Deleted documents don’t get deleted until commit is called

Ok, but FYI, my experiments show that #commit doesn’t affect #doc_count,
even across ruby sessions.

On a different note, I’d like to request a variation of #add_document
which returns the doc_id of the document added, as opposed to self.

I’m trying to track down an issue with a large test index [600MB, 500k
docs] in which I need to update a document. The old document is deleted
then added again, but doesn’t show up in my searches.

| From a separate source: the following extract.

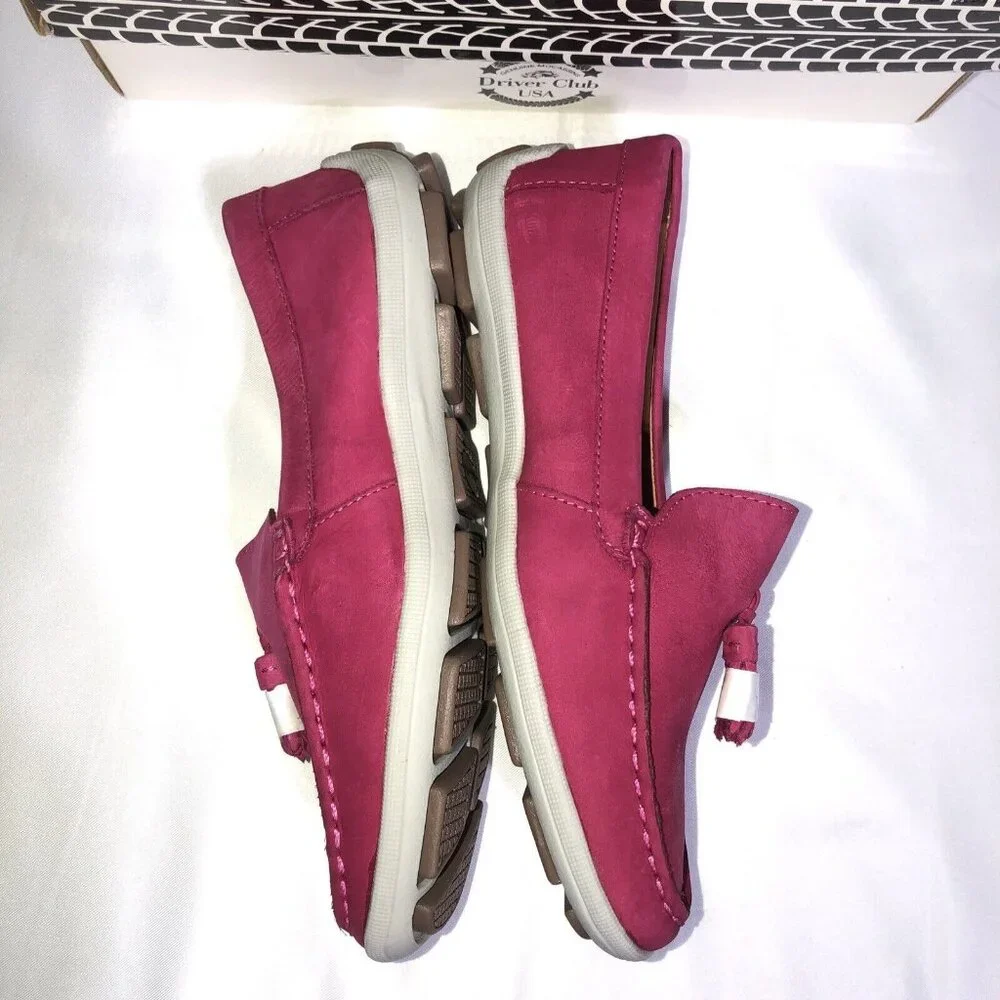 Girls Driver Club USA Johnson Ave Pink Leather Loafers Size 3 Little Kids New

A #doc_count on the writer before and after #add_document shows that the
index is 1 document larger, but I still cant #search for the updated
doc.

What do you think about having #add_document “yield” the doc_id if
block_given?

Neville

On 9/14/06, Neville B. [email protected] wrote:

Hi David,

Deleted documents don’t get deleted until commit is called

Ok, but FYI, my experiments show that #commit doesn’t affect #doc_count,
even across ruby sessions.

Sorry, I guess I wan’t very clear on that point. The deletes don’t get
commited until commit is called which is why I don’t have a num_docs
method in IndexWriter to because there is no way to reliably tell
until commit is called. IndexWriter#doc_count is like
IndexReader#max_doc. It tells you how many documents there are in the
index, deleted or not.

What do you think about having #add_document “yield” the doc_id if
block_given?

Neville

How about just using the doc_count method. Call it after you add the
document and subtract one and you’ll have the document ID of the last
document added. Don’t call it before you add the document as a merge
might happen when you add the document, possibly changing all document
IDs when deletes are completely removed.

Cheers,
Dave

On 9/14/06, David B. [email protected] wrote:

method in IndexWriter to because there is no way to reliably tell

document and subtract one and you’ll have the document ID of the last
document added. Don’t call it before you add the document as a merge
might happen when you add the document, possibly changing all document
IDs when deletes are completely removed.

Cheers,
Dave

I should also mention the reason I wouldn’t want to return the
document ID from any IndexWriter method is that the document ID could
become invalid when the next document is added (if a segment merge is
triggered and deletes exist). At least when using an IndexReader, the
document ID is valid for the life of the reader.